After Maghrib, I went for dinner with Alya. Then I had to send her home. :(

I drove home then. And I went to bed. I couldn't sleep, though. There were sad thoughts screaming all over. It usually happened after spending a whole day with Alya or Piah or Kakti or Piqah or Ainul. A day with them is just so... carefree and the only day I can be myself. I'm happier with them.

Thing is when those thoughts took over, my mind went over to Universiti Malaya, UniSZA and all the things that are happening right now. The "what ifs" were all over me. Kenapa aku tak dapat UM? Kenapa UM tak nak aku?

It's not basically that. I mean, why am I in UniSZA right now? It's too far. Alya, Piah, Piqah, Kakti they're all in Selangor or KL. If I were in KL, I could travel all the way to them, to meet them to spend time with them. Ainul pulak, lagi lah. Jauh di Kedah.

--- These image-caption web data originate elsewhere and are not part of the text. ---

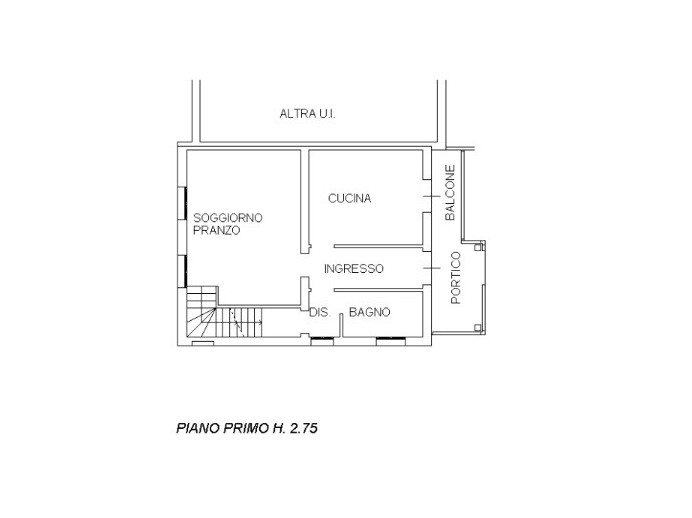 Agenzia Immobiliare San Quirino - Planimetria 2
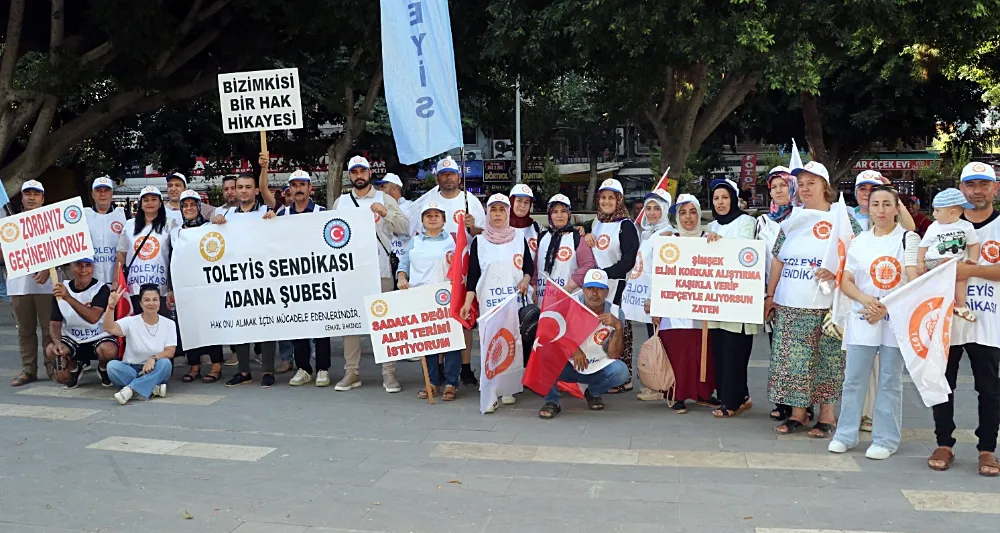 Gülnar, “Kuru vaat değil, hakkımızı istiyoruz”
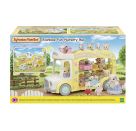 Sylvanian Families 5744 Erlebniskindergarten Bus Regenbogen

And it's not really helping with things happening in UniSZA. Life seems so bleak right now. No matter how hard I try blending in, it just doesn't work out. I still feel like I'm an outsider. Aku sorang je kot budak dari PASUM. Nampak sangat buangan huhuhu I'm the real definition of trash. All other students have their own gangs from previous foundation or diploma or whatever. Besides, they are all from English background (TESL foundation and diploma and whatnot) so it's hard to mingle.

That night when I was trying to go to sleep, I cried really bad. I didn't know what to do and I felt so helpless and so lonely. No matter how hard I try... there's no one like Piah... or Alya... or Kakti... or Ainul... or Piqah. Or even Wahidah or Amal or Syisyi or Suzie. None. Nil.


Honestly I felt really helpless. I didn't know what to do anymore. I felt like giving up, I didn't want to be in UniSZA anymore. I wanted to go somewhere else, anywhere but not UniSZA.

Every day, I told myself, "I like UniSZA, this is UniSZA, my pride." I WANT TO LOVE UNISZA, but I can't bring myself to it. I don't feel like staying. Yes, yes, I know, the best part is that I got to stay at home, I got to save money on hostel and food and all, but no one's me.

Don't make me mention the relatives who, whenever they see me, will say, "Kenapa dari UM masuk UniSZA?", "Tak boleh berenggang dengan Ummi Walid ke?" with eyes judging me. You don't know how bad I already feel on not getting into UM, but people still keep rubbing salt into my wounds. Whenever I see photos of my friends in UM together, I die a little inside. It's crazy.

I cried my eyes out. It didn't feel good at all.

But then, a friend of mine, my classmate, messaged me on WhatsApp. She read my tweet.


We chatted a lot that night. She said she felt the same, she felt like she didn't belong. And suddenly we admitted that everything that we ever did was all an act. Aku selalu berlakon tough like I don't care that I'm alone. But actually it's just an act of trying to make myself feel better. Entahlah, sometimes being OK with whatever shit you're dealing with, is the only thing pushing you forward.


We're quite close la since we got to be in the same group at the start of the semester. I also got other close friends but, you know, it still feels like I don't belong???

In the end, we both said to each other to be strong. Yelah, ada 3 years more. We can do this!!! It's not easy, but... well, we have no choice anyway. We keep going on jelah, if that's the last thing we do. Life may be hard, but giving up is never an option. Got many hearts to take care of and a future to secure :)

I'm always a positive person.

I always say to myself, "You can do this, Fi! You can ENDURE this!"

but...

How many times do I have to make myself feel better (even when things are not great), until I finally break?